Reconstructing Airways, Reconstructing Lives

Doctor checks patients throat


Yash Patil, MD, above, demonstrates a lymph node exam. Photo by Cindy Starr / Mayfield Clinic.

Pull back the curtain on the nationally acclaimed ear, nose and throat team at the University of Cincinnati (UC) Gardner Neuroscience Institute, and you find several outstanding programs. The Adult Airway Reconstruction Program, directed by Yash Patil, MD, is one of them.

This highly specialized program serves patients who have suffered damage to the trachea (windpipe) or larynx (voicebox). A minority of patients are adults who have undergone prior airway reconstructions as children. Many more are adults who have suffered 1) trauma to the trachea or larynx in an auto accident; 2) burns to the airway in a fire; 3) or, most commonly, scarring caused during a prolonged hospitalization that required a breathing tube. Autoimmune diseases, inflammatory conditions, infection, tumors, and reflux disease also can contribute to airway problems.
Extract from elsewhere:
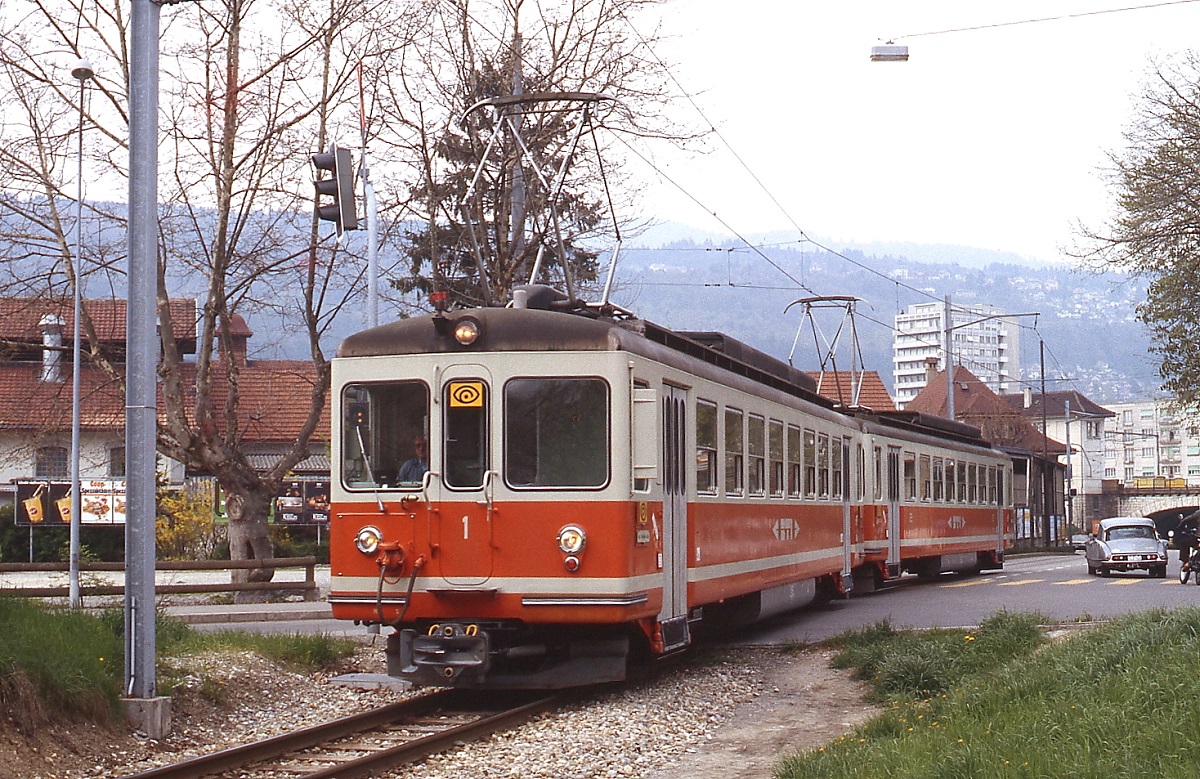 Be 4/4 1 und ein weiterer Be 4/4 der Biel-Täuffelen-Ins Bahn haben sich im Mai 1980 in Biel auf den Weg nach Ins gemacht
Symptoms of airway damage can include exercise intolerance , difficulty breathing, sleep apnea, hoarseness and loss of voice. The Adult Airway Reconstruction Program, considered by many experts to be one of the nation’s busiest,  is part of the Neurosensory Disorders Center at the UC Gardner Neuroscience Institute, an internatioally recognized center of excellence within UC Health. The Airway Reconstruction Program draws patients from around the United States and the world and features an all-star cast, including six otolaryngologists¹ who perform surgical procedures and a physician assistant .² The multidisciplinary program also calls upon pulmonologists, sleep specialists, speech pathologists, thoracic and general surgeons, gastroenterologists and critical care specialists known as neuro-intensivists. Cincinnati Children’s Hospital Medical Center is a frequent collaborator.

Dr. Patil, an assistant professor of otolaryngology at UC, estimates that the program treated 90 new patients in 2011. Those patients required some 250 diagnostic procedures and more than 100 interventions (including 20 major interventions) for treatment of stenosis, a narrowing of the trachea, an elegant, ringed organ that extends down from the voicebox for about four inches before branching into two separate tubes called the bronchi. “Breathing is very much about having a trachea free of obstruction,” Dr. Patil says.

An intervention can involve dilating – or widening – the airway, or removing a damaged portion during a major surgical procedure. During an open intervention to treat an obstruction, Dr. Patil says, “We remove a portion of the windpipe, typically 1 to 4 centimeters in length, and we mobilize the good ends of the airway and bring them back again. It’s like putting together two ends of pipe after removing a broken portion.”

A majority of patients will have more than one procedure, and healing can take months. Their experience begins with a complete office evaluation and proceeds with complete office testing, diagnostics and, finally, intervention.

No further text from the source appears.